To thrive, eggplant need at least 1 inch of water per week. Aim for one weekly, intensive watering rather that multiple, short watering sessions. Frequent watering promotes shallow roots, which can compromise the health of your eggplants. Row covers are great for protecting eggplants from the cold, disease, and insects - particularly flea beetles, which can destroy eggplant quickly in some parts of the country.
Keep track of your planting schedule from the day you first sow your eggplant seeds. At the 16-week mark, start checking your eggplant crops to see if they are ready for harvesting. When the skin on the fruits is shiny, harvest by cutting near the stem with sharp pruning shears.

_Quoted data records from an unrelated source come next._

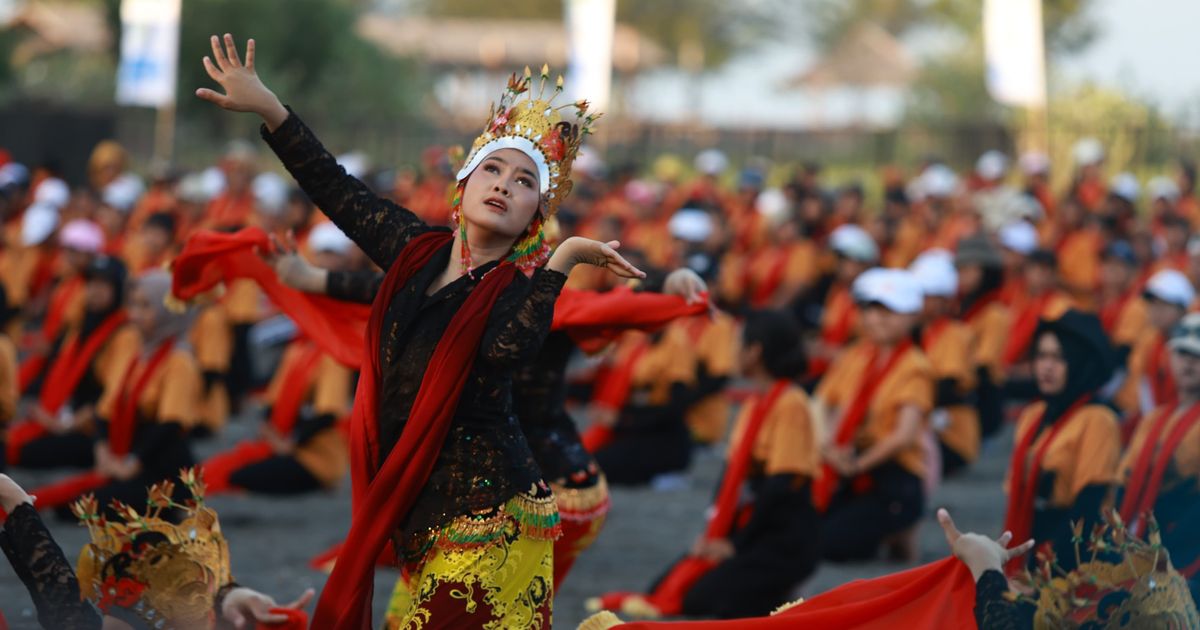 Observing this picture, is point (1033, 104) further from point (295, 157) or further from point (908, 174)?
point (295, 157)

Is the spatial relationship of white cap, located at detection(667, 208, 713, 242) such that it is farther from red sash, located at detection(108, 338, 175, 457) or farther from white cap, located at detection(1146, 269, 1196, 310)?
red sash, located at detection(108, 338, 175, 457)

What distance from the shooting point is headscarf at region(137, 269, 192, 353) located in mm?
7980

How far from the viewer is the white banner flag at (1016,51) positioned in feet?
65.8

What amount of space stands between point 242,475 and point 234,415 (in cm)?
340

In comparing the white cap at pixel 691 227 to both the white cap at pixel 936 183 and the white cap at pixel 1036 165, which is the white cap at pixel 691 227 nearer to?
the white cap at pixel 936 183

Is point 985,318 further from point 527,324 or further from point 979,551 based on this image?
point 527,324

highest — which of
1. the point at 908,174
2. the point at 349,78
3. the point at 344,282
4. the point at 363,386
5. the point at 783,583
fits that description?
the point at 349,78

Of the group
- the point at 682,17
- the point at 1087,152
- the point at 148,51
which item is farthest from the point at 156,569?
the point at 682,17

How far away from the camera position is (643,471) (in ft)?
34.6

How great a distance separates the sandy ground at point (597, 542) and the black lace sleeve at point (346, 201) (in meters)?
2.46

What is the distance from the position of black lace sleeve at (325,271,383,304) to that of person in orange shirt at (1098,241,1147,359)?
264 inches

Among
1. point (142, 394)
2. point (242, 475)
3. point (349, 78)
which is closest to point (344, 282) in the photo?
point (142, 394)

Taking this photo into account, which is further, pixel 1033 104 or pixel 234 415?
pixel 1033 104

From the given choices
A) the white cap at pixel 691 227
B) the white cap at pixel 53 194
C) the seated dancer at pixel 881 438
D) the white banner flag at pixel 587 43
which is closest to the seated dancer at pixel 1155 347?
the seated dancer at pixel 881 438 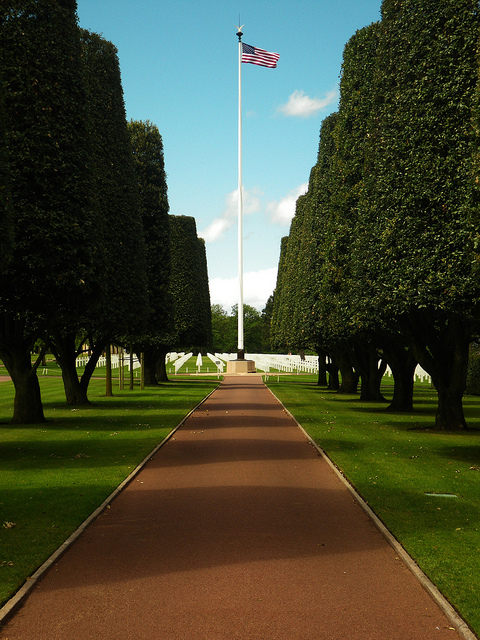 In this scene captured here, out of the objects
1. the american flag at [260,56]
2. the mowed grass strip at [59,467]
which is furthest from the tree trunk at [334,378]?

Eggplant (Solanum melongena) is a cross-pollinating annual. Eggplants of different varieties should be separated by at least 300 feet to ensure that they do not cross with each other. Wait until your eggplants start to turn brown or yellow and the skins dull before harvesting for seed. That is, let them go very overripe - the glossy young fruit we harvest for eating is not botanically mature, and the seeds within those fruits will not be viable. To collect seeds, pull the skin off your overripe fruits and then cut the flesh into cubes. The easiest way to separate the seeds from pulp is to put the cubed eggplant into a blender or food processor with a little water and create a seed-pulp slurry, then allow the pulp to float up to the surface and decant it off. After removing most of the pulp this way, pour the seeds into a fine strainer and give them a rinse under running water. Spread the seeds out on a paper towel to dry, ideally with a fan running in the space. Once the seeds are fully dry, store them in an airtight container in a cool and dark location.